**RECORDS FOR PROCESSING**
----------

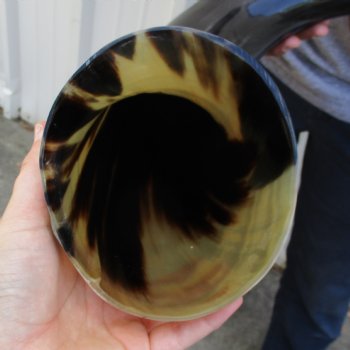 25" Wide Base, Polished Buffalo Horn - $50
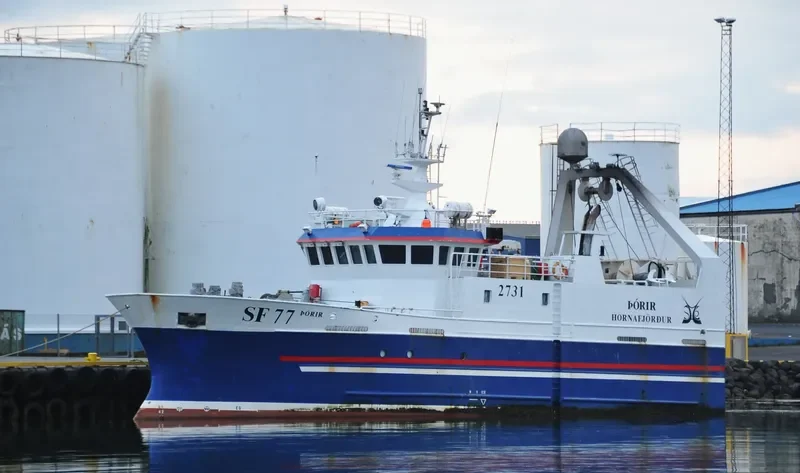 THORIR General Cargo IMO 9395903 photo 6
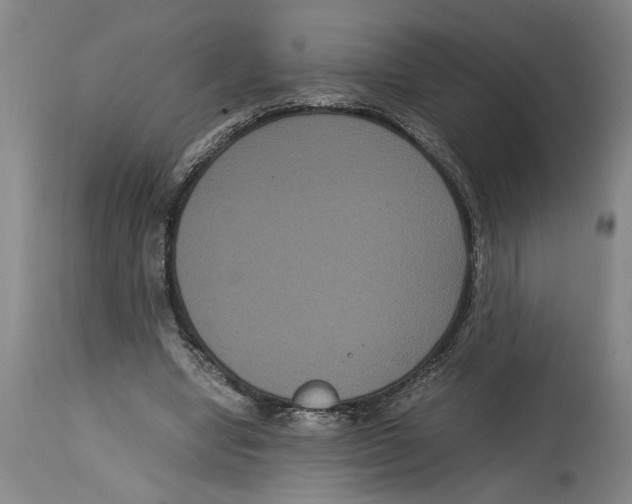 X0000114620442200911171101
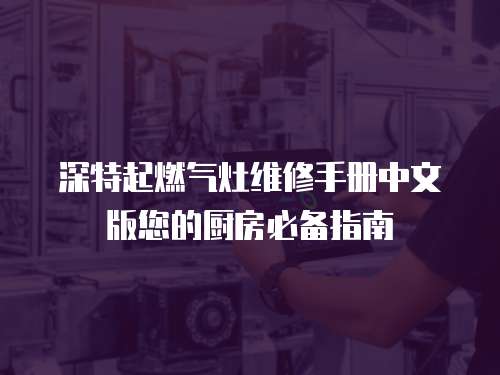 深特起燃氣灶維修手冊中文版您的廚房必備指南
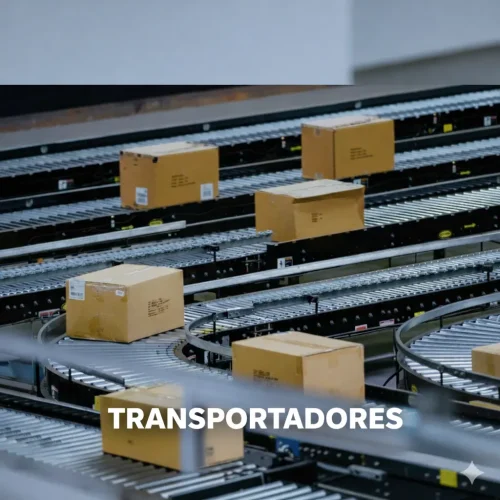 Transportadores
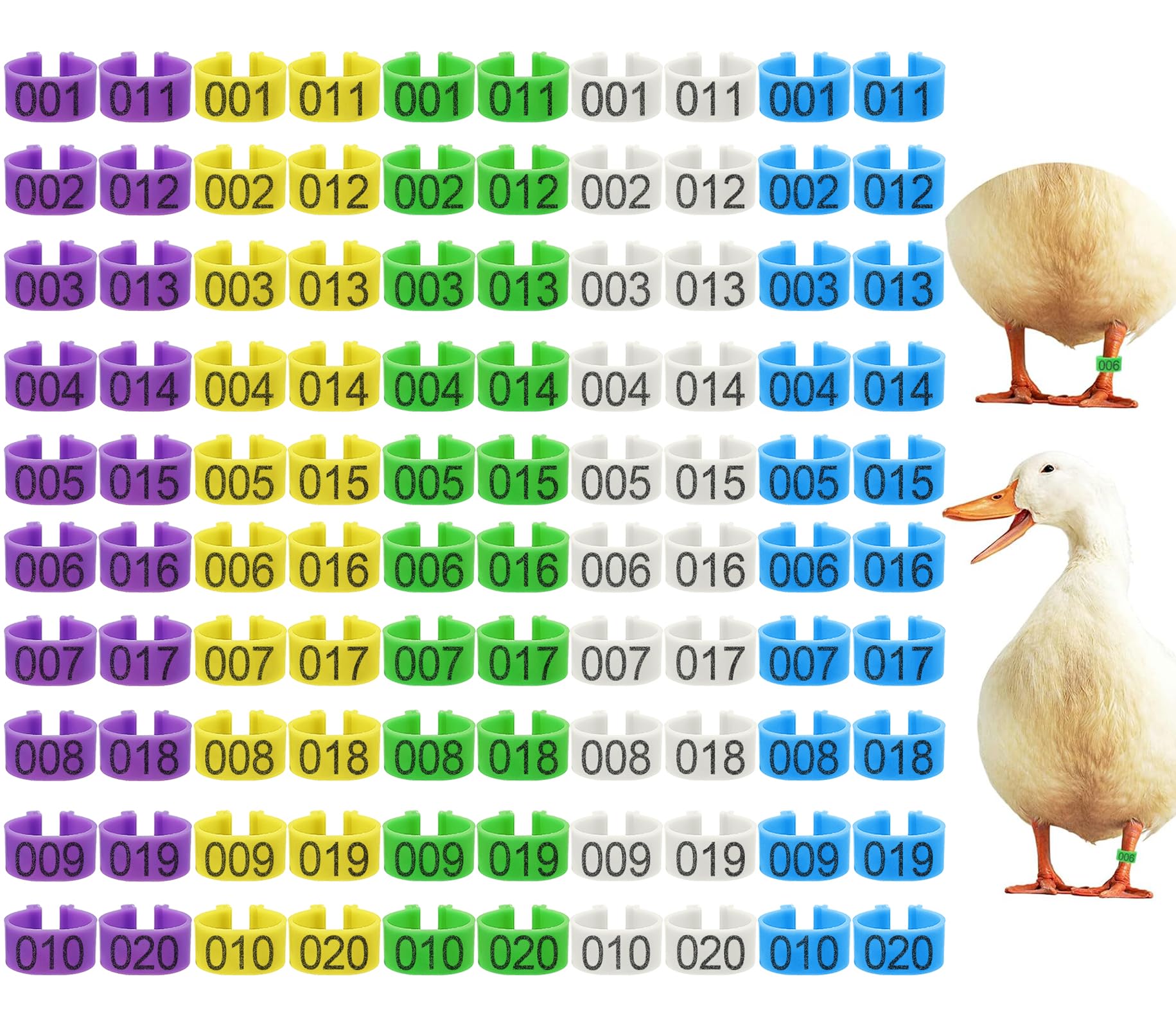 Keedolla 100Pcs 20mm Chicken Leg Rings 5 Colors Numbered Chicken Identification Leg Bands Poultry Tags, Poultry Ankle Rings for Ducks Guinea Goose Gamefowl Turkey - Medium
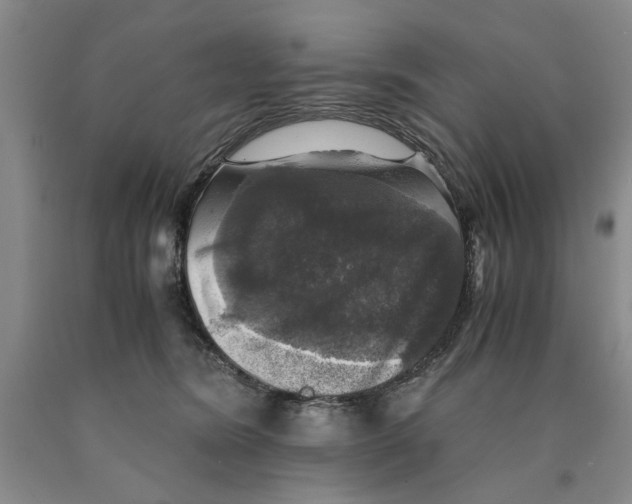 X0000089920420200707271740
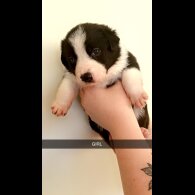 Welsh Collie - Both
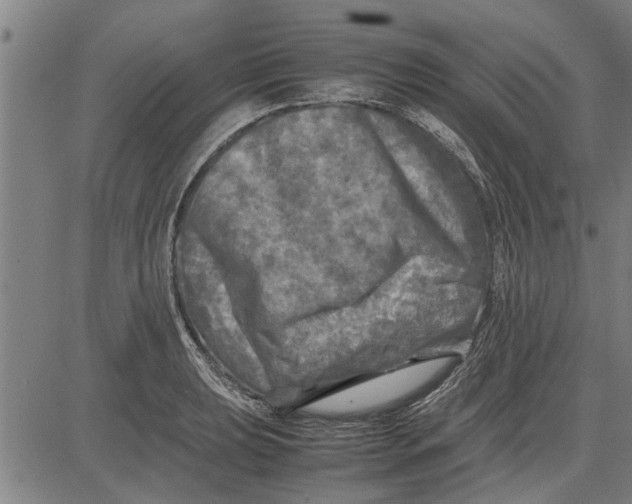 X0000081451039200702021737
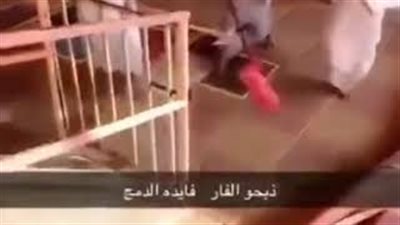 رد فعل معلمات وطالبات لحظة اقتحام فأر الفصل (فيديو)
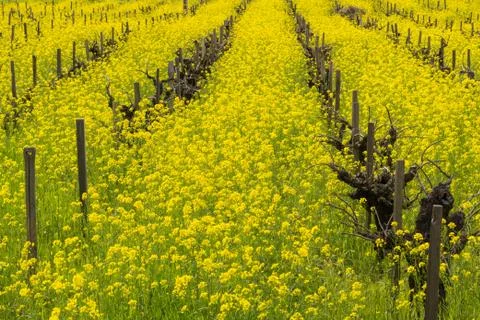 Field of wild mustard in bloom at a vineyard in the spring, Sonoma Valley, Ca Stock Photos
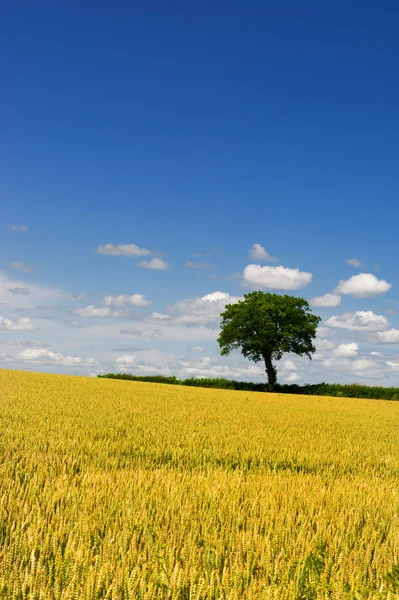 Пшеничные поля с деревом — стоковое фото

----------

**EXERCISE PROMPT**
Your answer should be the lines above, word for word, from the line with "X0000114620442200911171101" through the line with "X0000081451039200702021737", minus the pictures.

**REPLY TO THE EXERCISE**
 X0000114620442200911171101
 深特起燃氣灶維修手冊中文版您的廚房必備指南
 Transportadores
 Keedolla 100Pcs 20mm Chicken Leg Rings 5 Colors Numbered Chicken Identification Leg Bands Poultry Tags, Poultry Ankle Rings for Ducks Guinea Goose Gamefowl Turkey - Medium
 X0000089920420200707271740
 Welsh Collie - Both
 X0000081451039200702021737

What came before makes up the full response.